Published On: Nov 28 2011 10:02:21 AM CST
Updated On: Jul 06 2012 03:07:32 PM CDT
ekg with heart and stethoscope

(NewsUSA) - Studies show that fast treatment makes patients more likely to survive certain types of heart attacks. According to national guidelines, heart attack patients should go from hospital door to "balloon" treatment within 90 minutes.

In 2005, only half of America's hospitals managed 90-minute door-to-balloon (D2B) times. To ensure faster treatment for more patients, the American College of Cardiology (ACC), along with 38 partner organizations, started its Door-to-Balloon Alliance to help participating hospitals lower their D2B times.

The program recently achieved its original ambition -- 75 percent of patients now receive treatment within 90 minutes of entering a hospital. A more recent analysis showed that, with an average D2B time of 80 minutes, hospitals participating in the program surpassed its goals.

"This ambitious effort to improve timeliness of heart attack care has reported marked improvements with the vast majority of patients receiving life-saving care within 90 minutes of hospital arrival, as recommended by clinical guidelines," said Elizabeth H. Bradley, Ph.D., professor at Yale School of Public Health, and lead author of the study.

Hospitals adopted several strategies to reduce D2B times, including creating real-time feedback between emergency departments and cardiologists, encouraging senior management to commit to the cause and creating a team-based approach to patient care.

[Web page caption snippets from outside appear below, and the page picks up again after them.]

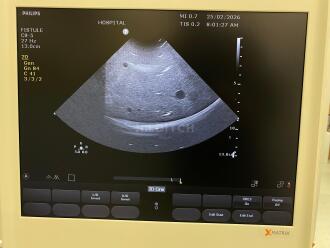 Philips CX50 Ultrasound&Acirc; *NO BUYERS PREMIUM* - 12
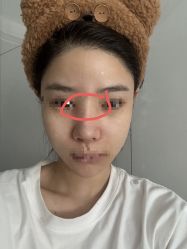 体验后-上海玫瑰医疗美容医院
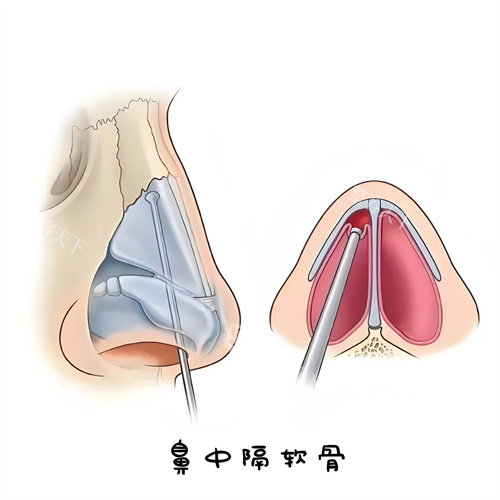 彭远清眼鼻定制比别家贵几千值吗?三段式美鼻术实录+医生简介告诉你技术不看价格!
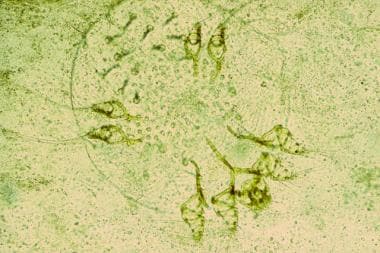 Scabies mite scraped from a burrow (original magni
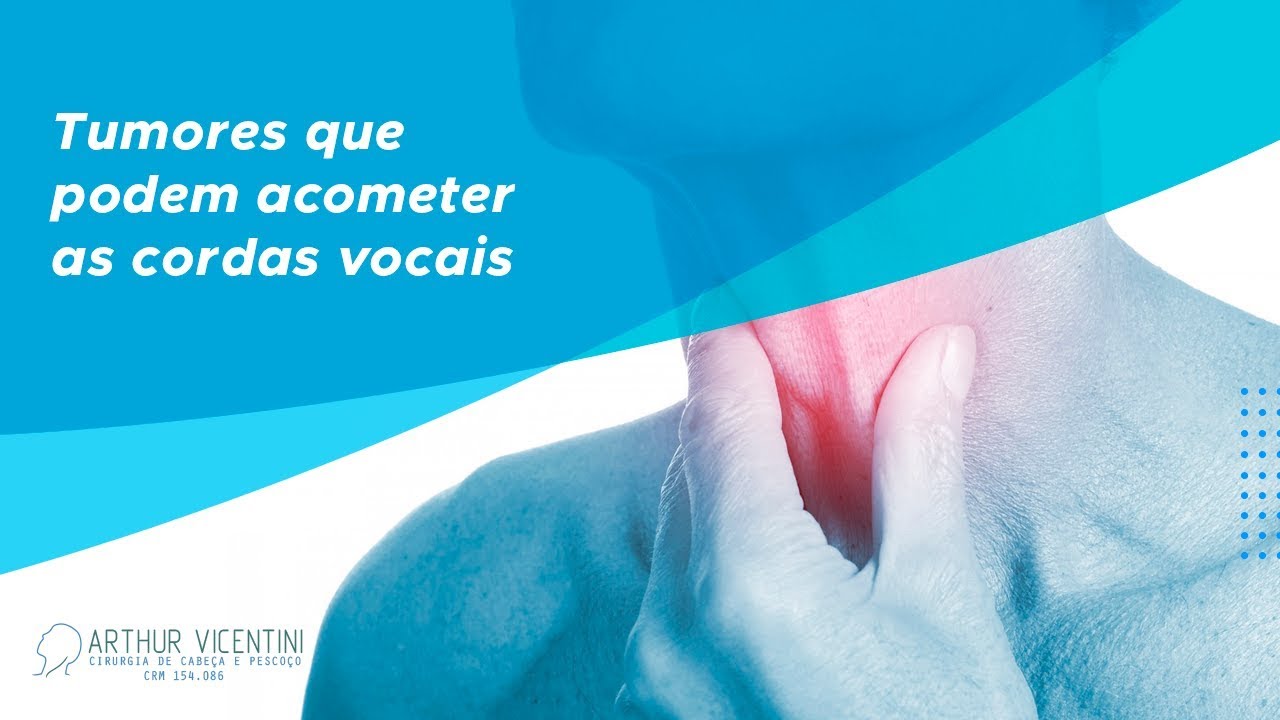 Tumores que podem acometer as cordas vocais | Dr. Arthur Vicentini CRM 154.086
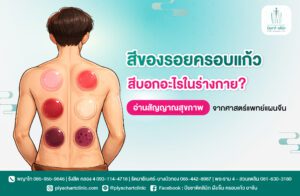 สีของรอยครอบแก้ว บอกอะไรในร่างกาย? อ่านสัญญาณสุขภาพจากศาสตร์แพทย์แผนจีน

"The incredible success of the Door-to-Balloon Alliance represents aspects of the best of healthcare delivery in the United States; the integration of the highest medical science, technology and our medical community through the organization and integration of systems of care leading to seamless translation of evidence based medicine into clinical practice," said Ralph Brindis, M.D., president-elect of the ACC. "The ACC and the National Cardiovascular Data Registry (NCDR) are proud to have played a role in this key accomplishment for our nation."